Larger files not downloaded completely? Try using a History Archive

Hi, I have run out of space in the usegalaxy.eu server and am trying to download files to delete them from my history to make space on my account. However, I am experiencing an issue when trying to download files from the usegalaxy.eu history, it fails exactly at 1.08Gb. I have tried
wget -O pool5.tgz https://usegalaxy.eu/api/dataset_collections/XXXX/download?key=XXXX
and
curl -o pool5 https://usegalaxy.eu/api/dataset_collections/XXXX/download?key=XXXX
and each time I try to check the files of the content with tar -zvft , it starts reading the file names until it gets to the halfway and then I get the following error
tar: Truncated input file (needed 101140480 bytes, only 0 available)
tar: Error exit delayed from previous errors.
I have tried in a Mac and a Windows laptop, and different files and with one month of difference.
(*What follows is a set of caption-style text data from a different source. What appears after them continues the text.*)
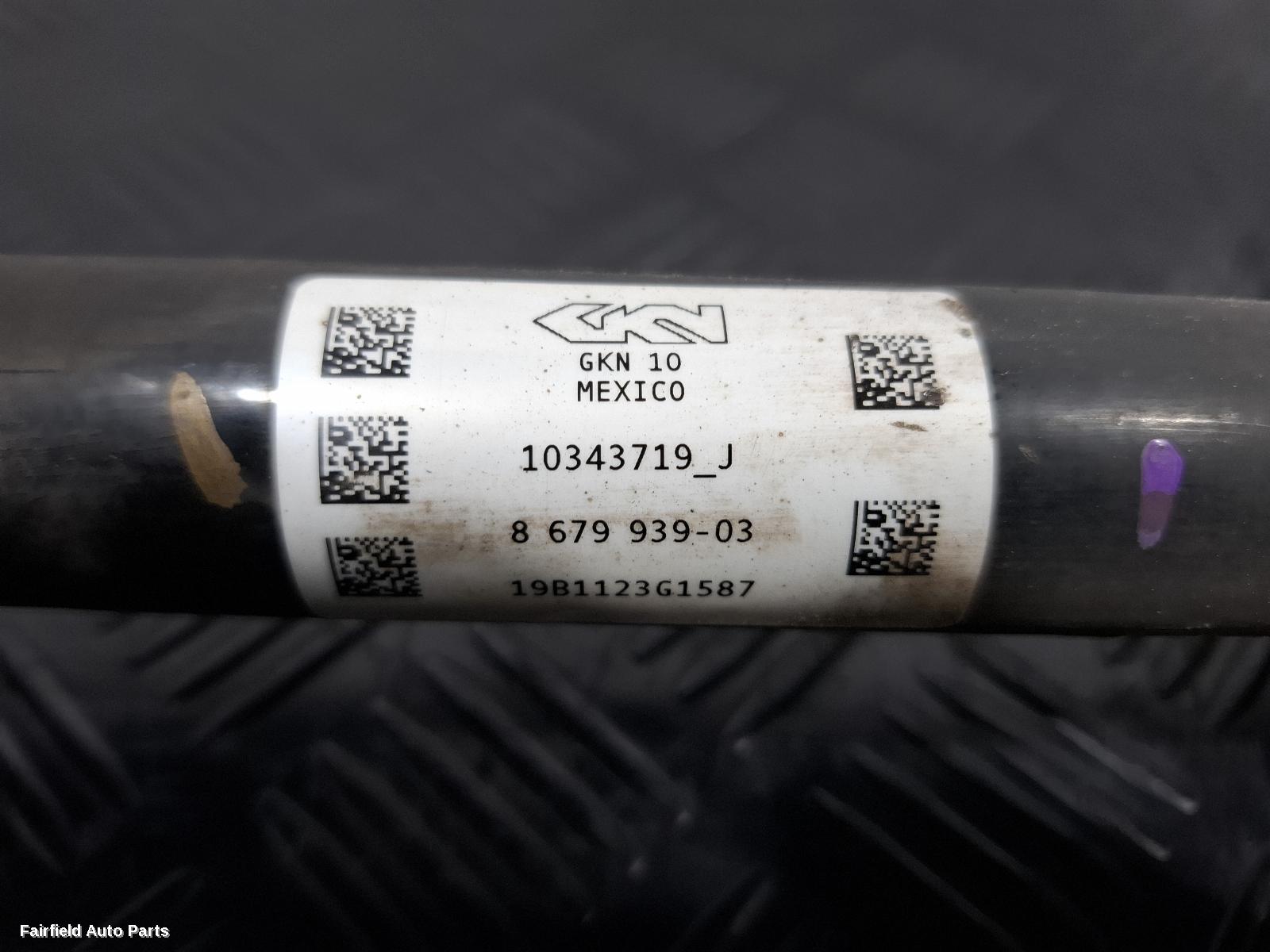 2017-2019 Bmw X3 Left Driveshaft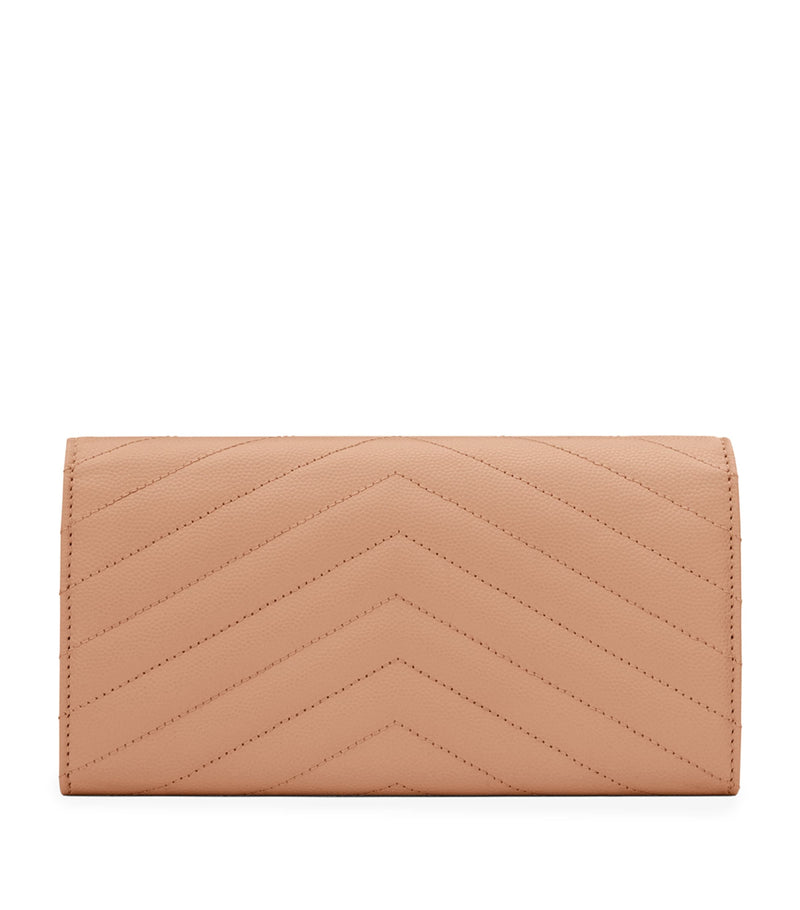 Saint Laurent Envelope leather wallet H11cm W19cm, UK version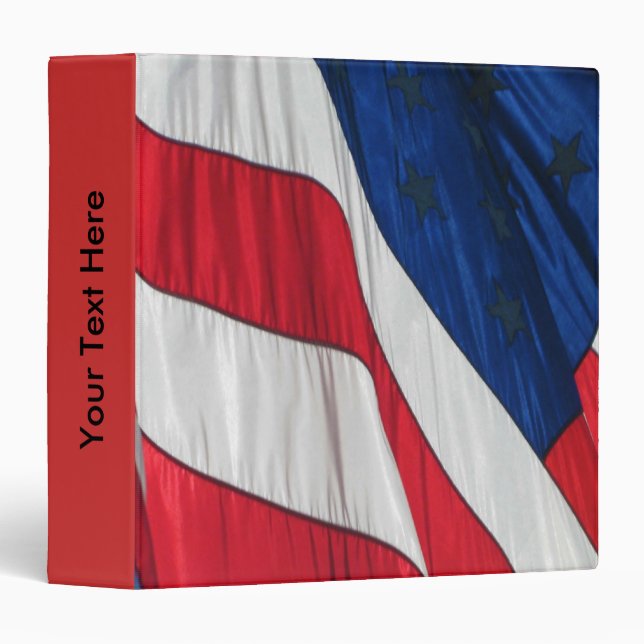 Classeur du drapeau patriotique américain (Devant/Côté)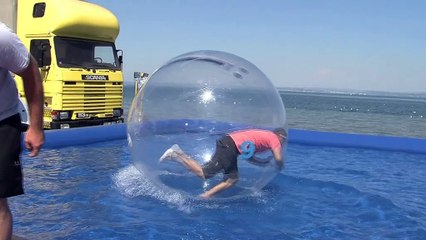 L'aquabulle a la cote ! Fou rire garanti ! (vidéo)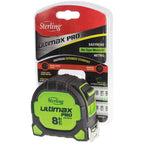Sterling Ultimax Tape Measure Easyread: Magnetic Hook - 8m x 25mm (Metric) - Cost Less Bolts | Industrial Supplies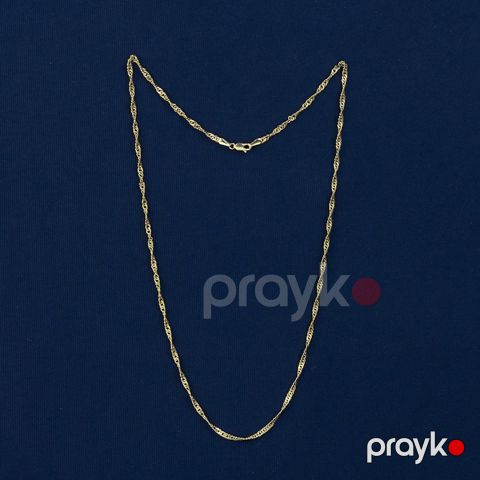 Gümüş zəncir Azgold 432, qızılı — Bakı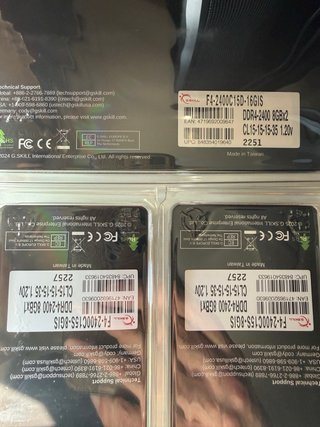 Ram G.Skill DDR4 32GB (4X8Gb)AEGIS 2400MHz NOVAS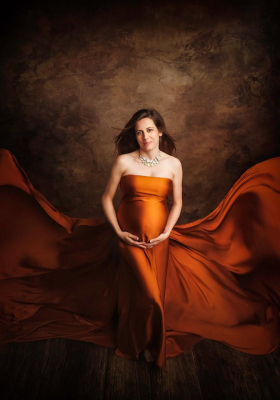 Séance photo grossesse studio - Gwen Photographie Champagne-Ardenne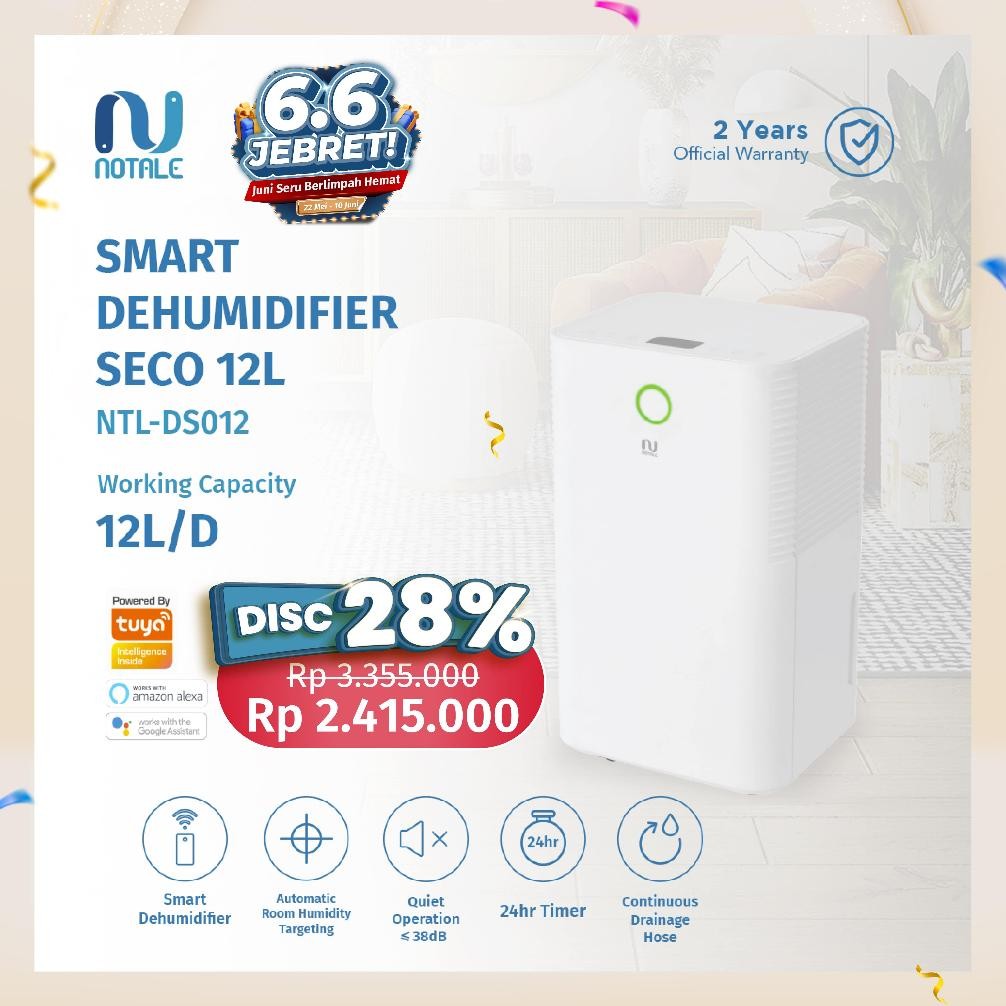 RUMPIN Notale Seco Dehumidifier Penyerap Lembab Ruangan Dehumidifier Ruangan Dehumidifier Serap Lemb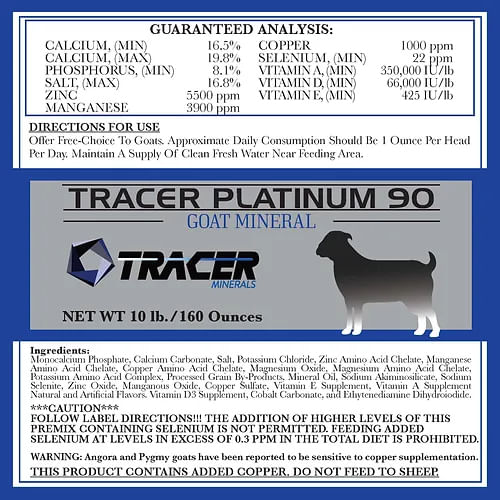 Tracer Platinum Goat 90 - Jeffers - Animal Health & Wellness > Vitamins & Supplements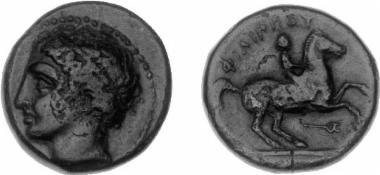 Χάλκινο νόμισμα Μακεδονικού βασιλείου, Βασιλιάς: Φίλιππος Β'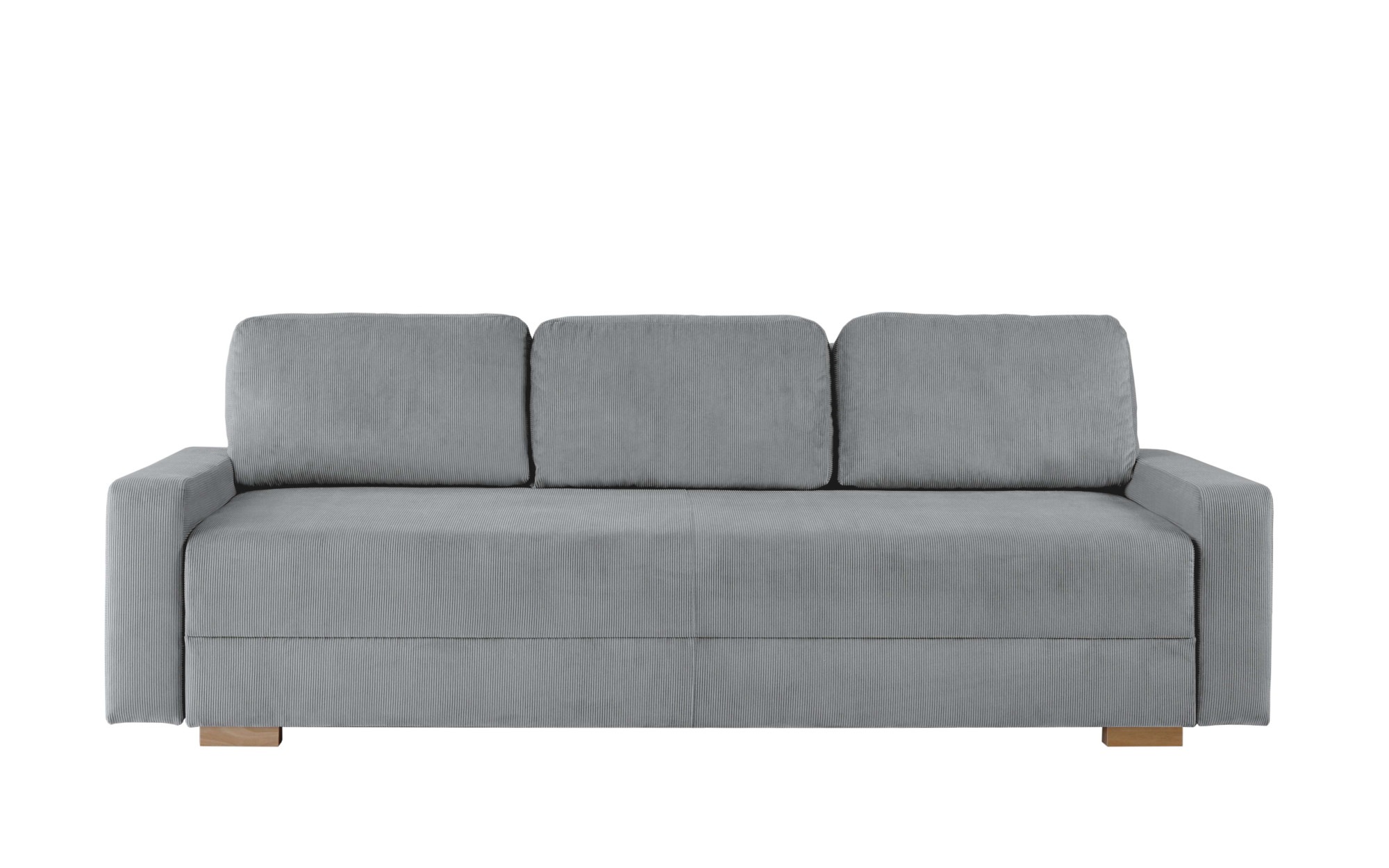 INOSIGN 3-Sitzer »SHERIDIAN Schlafsofa mit Bettkasten, in Feincord & Velvet«, mit Wellenunterfederung, moderne Bezüge, B/H/T 225/94/80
I’d appreciate some help with this.
Many thanks,
Ramiro

1 Like

Hello @Ramiro

This command works on Mac/Linux: tar -xvzf <file.tgz>. You may need to quote the file name if it contains spaces.

The issue could involve the dataset permissions in Galaxy or possibly your internet connection. Updating curl might also help. Resuming a partial/aborted transfer is also possible but that doesn’t seem to be your issue.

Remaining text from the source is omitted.